[SOURCE MATERIAL]

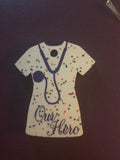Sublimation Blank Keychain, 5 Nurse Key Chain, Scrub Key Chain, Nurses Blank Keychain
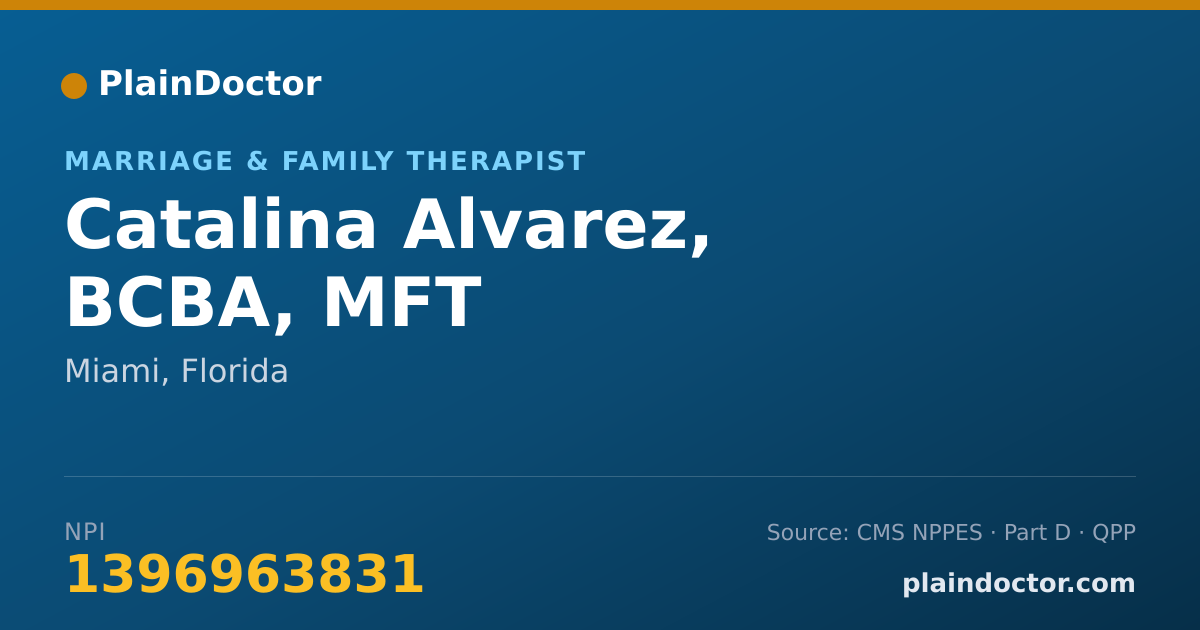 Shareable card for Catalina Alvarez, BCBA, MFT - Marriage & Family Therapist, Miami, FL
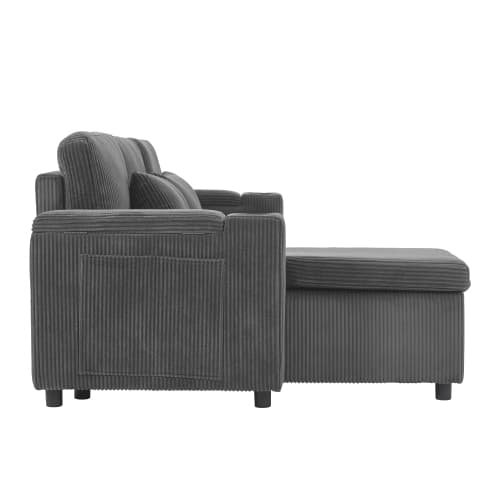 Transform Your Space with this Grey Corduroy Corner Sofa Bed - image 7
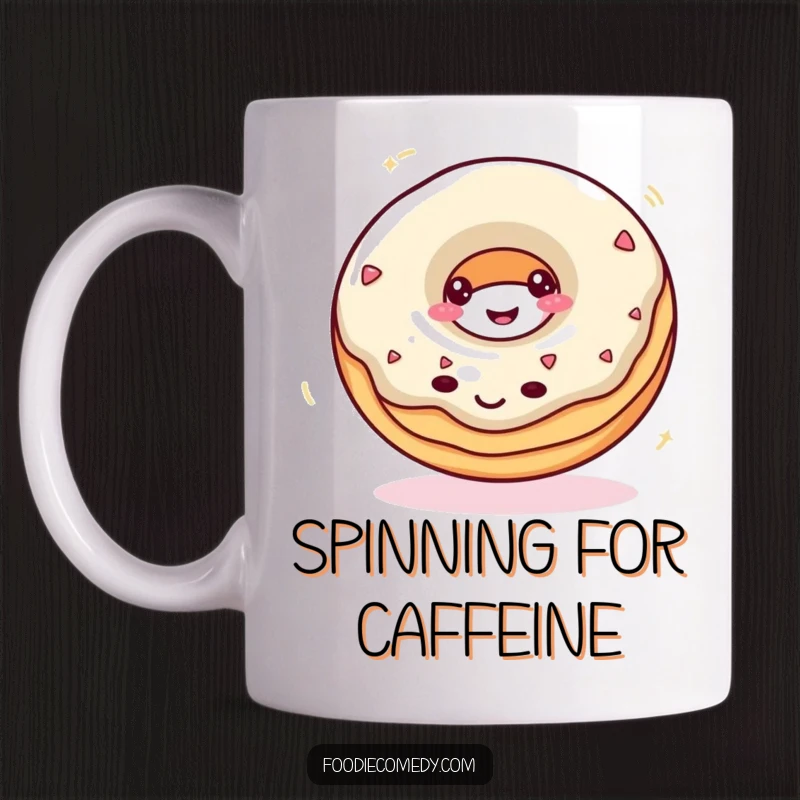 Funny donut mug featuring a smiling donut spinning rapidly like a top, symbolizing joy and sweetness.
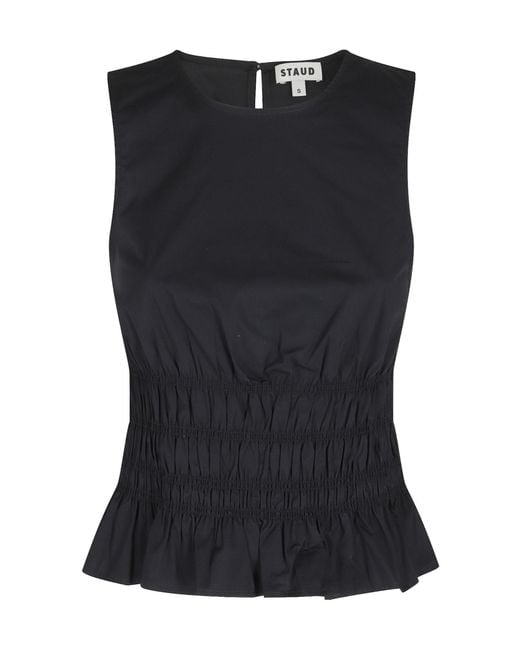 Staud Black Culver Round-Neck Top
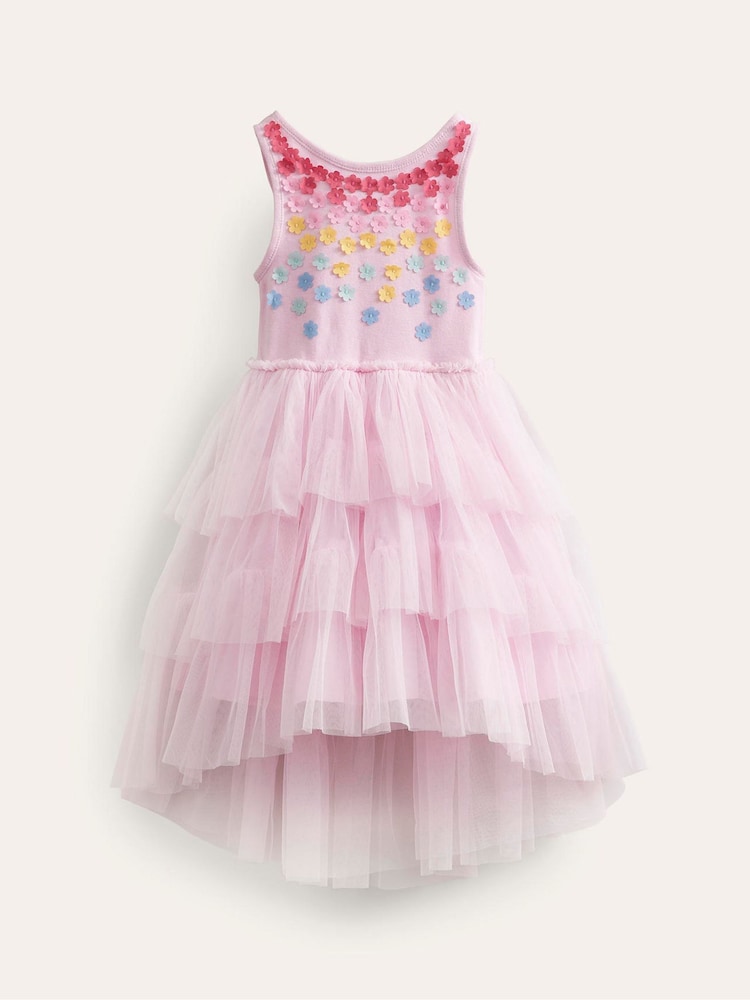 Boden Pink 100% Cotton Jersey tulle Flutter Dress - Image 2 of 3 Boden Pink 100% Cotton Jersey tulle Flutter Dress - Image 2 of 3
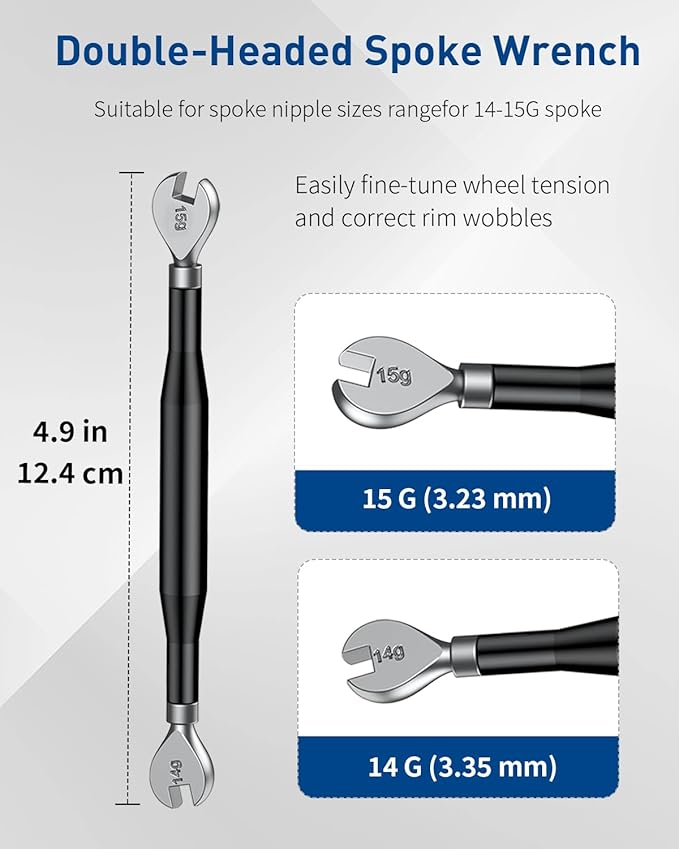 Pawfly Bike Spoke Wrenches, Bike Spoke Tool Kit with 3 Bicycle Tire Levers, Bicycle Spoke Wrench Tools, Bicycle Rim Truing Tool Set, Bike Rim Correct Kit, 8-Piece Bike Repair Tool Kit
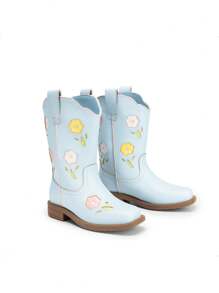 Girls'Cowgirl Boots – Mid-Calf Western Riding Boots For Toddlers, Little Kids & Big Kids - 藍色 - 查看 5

[/SOURCE MATERIAL]

PROBLEM
Needed here is only the span from the line with "3 Boden Pink" through the last line of the entries, copied exactly with both ends and without pictures.

THE COMPLETED TASK
 Boden Pink 100% Cotton Jersey tulle Flutter Dress - Image 2 of 3 Boden Pink 100% Cotton Jersey tulle Flutter Dress - Image 2 of 3
 Pawfly Bike Spoke Wrenches, Bike Spoke Tool Kit with 3 Bicycle Tire Levers, Bicycle Spoke Wrench Tools, Bicycle Rim Truing Tool Set, Bike Rim Correct Kit, 8-Piece Bike Repair Tool Kit
 Girls'Cowgirl Boots – Mid-Calf Western Riding Boots For Toddlers, Little Kids & Big Kids - 藍色 - 查看 5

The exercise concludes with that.